- Born: February 6, 1975 (age 51)
- Education: Boston University (B.S.), Boston University (Ph.D.)
- Occupations: Biomedical scientist, Professor, Founding Director
- Known for: Bioinformatics research, experimental cell biology research, "Night Science" concept, co-hosting "Night Science" podcast
- Scientific career
- Fields: Biomedical science, Bioinformatics, Cell biology
- Workplaces: NYU Grossman School of Medicine, Technion – Israel Institute of Technology, Weizmann Institute of Science, Harvard University

= Itai Yanai =

American-Israeli biomedical scientist

Itai Yanai (איתי ינאי; born 6 February 1975) is an American-Israeli biomedical scientist and Founding Director of the Institute for Computational Medicine at the NYU Grossman School of Medicine. He is also a professor in the Department of Biochemistry and Molecular Pharmacology at NYU.

==Early life and education==
Yanai was born in Haifa, Israel, and moved with his family to Boston in his early teens, when his father Moshe Yanai was appointed Chief Engineer at EMC. He graduated from Boston University in 1998 with degrees in computer engineering and philosophy, both summa cum laude. In 2002 he became the first person in the nation to receive a Ph.D. in, what was at the time, the fledgling field of Bioinformatics. After several years at the Weizmann Institute and Harvard University, he returned to Israel in 2008 as a faculty member at the Technion-Israel Institute of Technology.
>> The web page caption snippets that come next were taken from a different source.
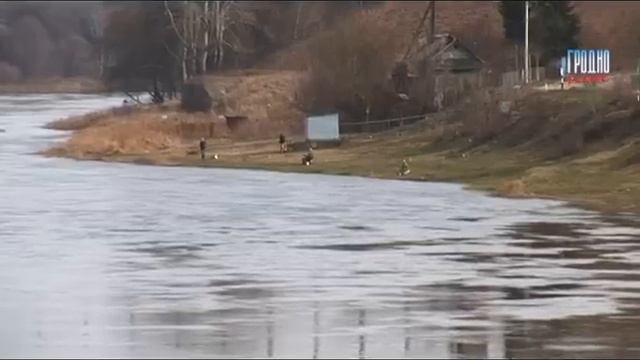 Запрет на лов рыбы смотреть онлайн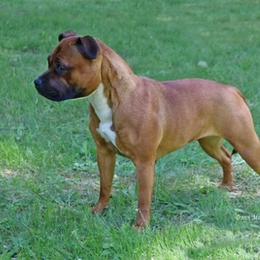 Ava - Staffordshire Bull Terrier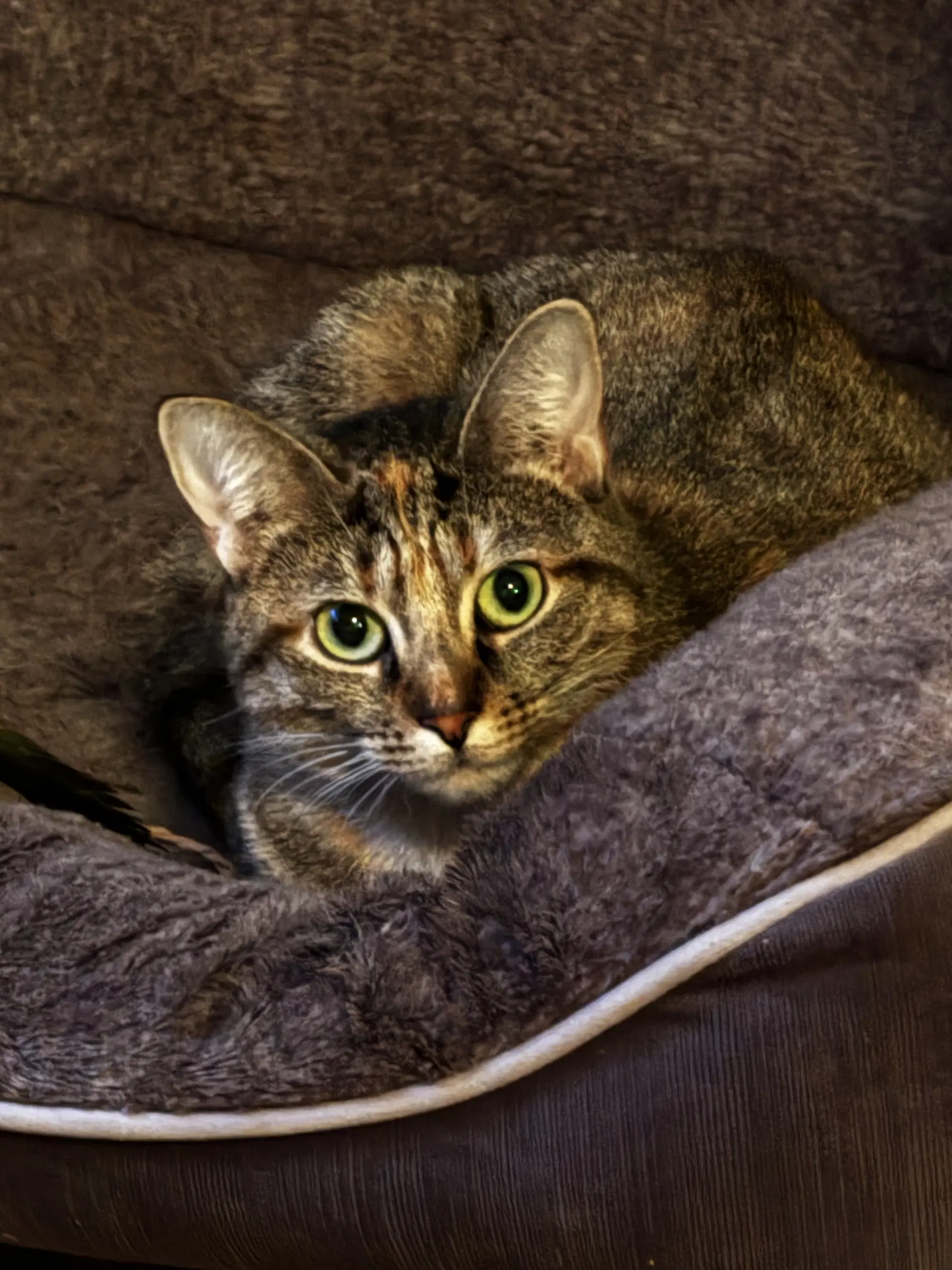 Chyna - Domestic Short Hair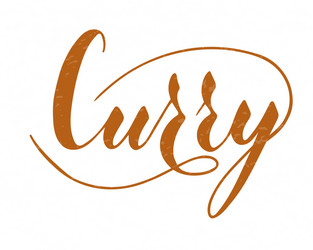 hand written curry text isolated on white vector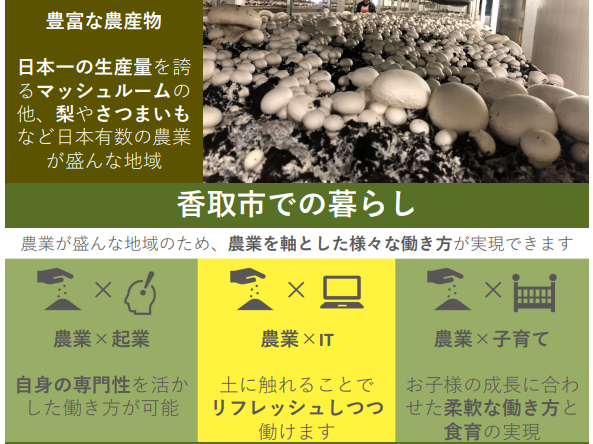 【千葉県香取市】オンライン相談で移住への第一歩をサポートします! | 地域のトピックス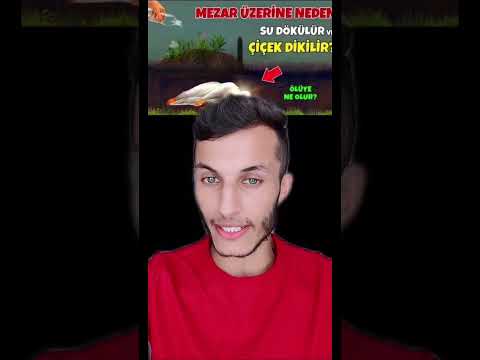 Mezar Üzerine neden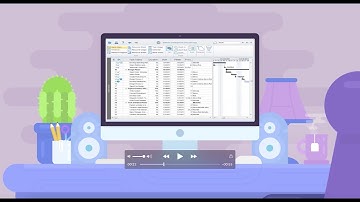 What is Steelray Project Viewer?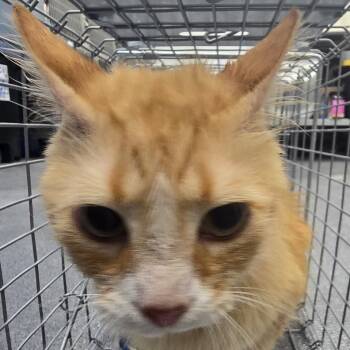 Mellow -  Domestic Long Hair Cat for Adoption in Montgomery, Alabama - Mellow | PetCurious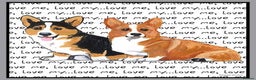 Welsh Corgi Pembroke dogs for sale: LOOKING FOR.  - Advert 1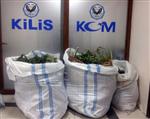 Kilis’te 40 Kilo Esrar Ele Geçirildi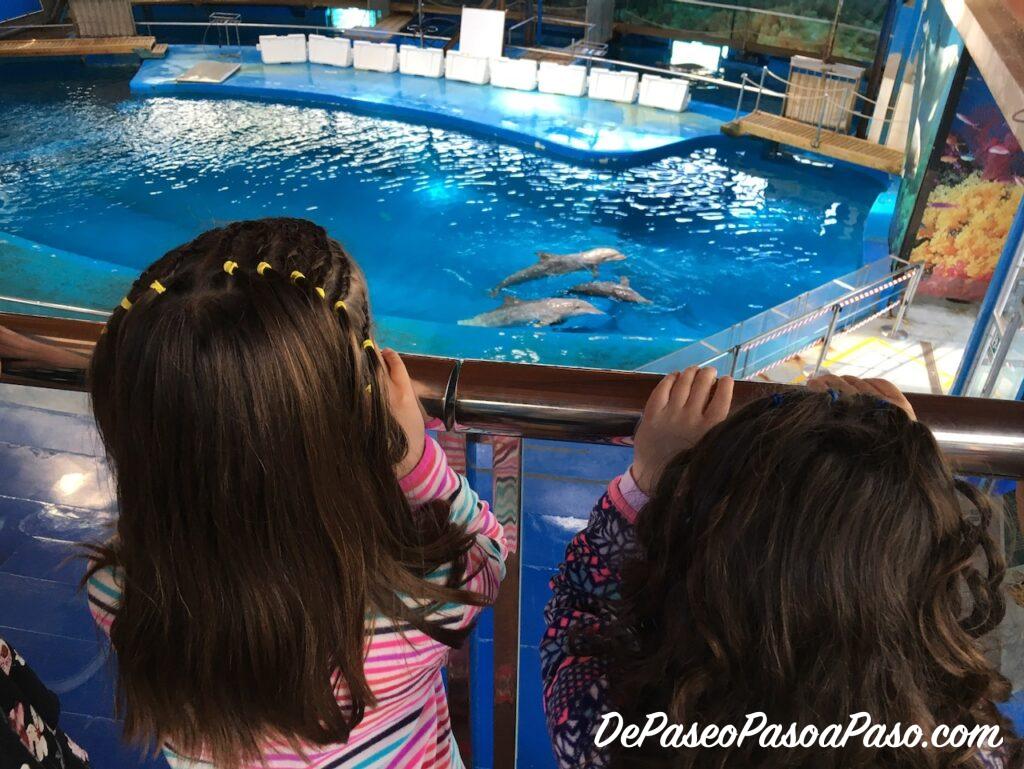 Niñas observando a los delfines en el Zoo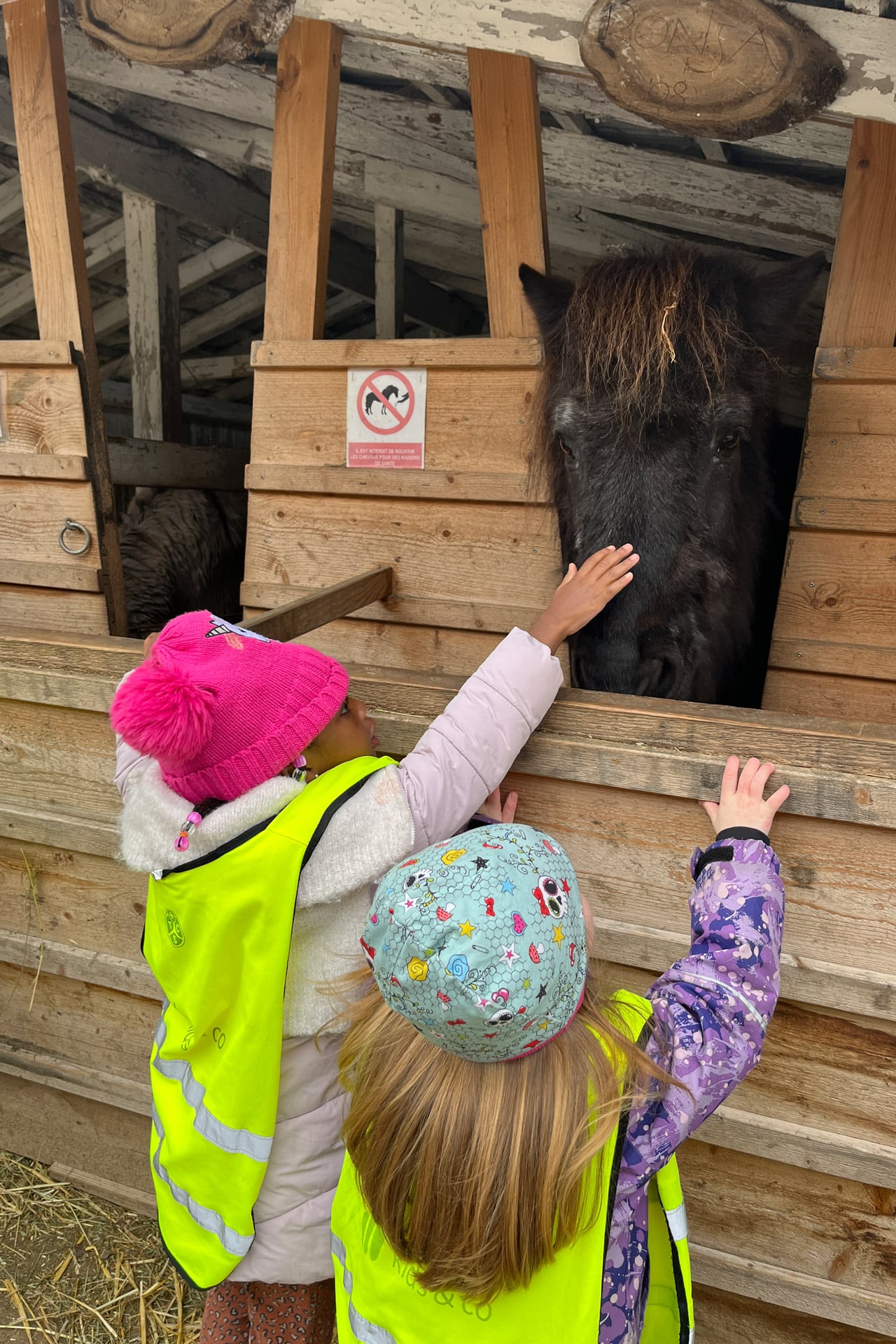 Kita kidsco Bözingen Ausflug zum Pferdestall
He moved to the United States in 2016, when he assumed his current position.

==Research==
Yanai has published extensively in bioinformatics and theory. He has also done seminal experimental research in cell biology.

In 2016 Yanai co-authored a popular book for the general public.

Together with Martin J. Lercher, Yanai has written a series of editorials on the creative side of the scientific process, which he called "Night Science" in reference to François Jacob. He also co-hosts a popular podcast with the same name.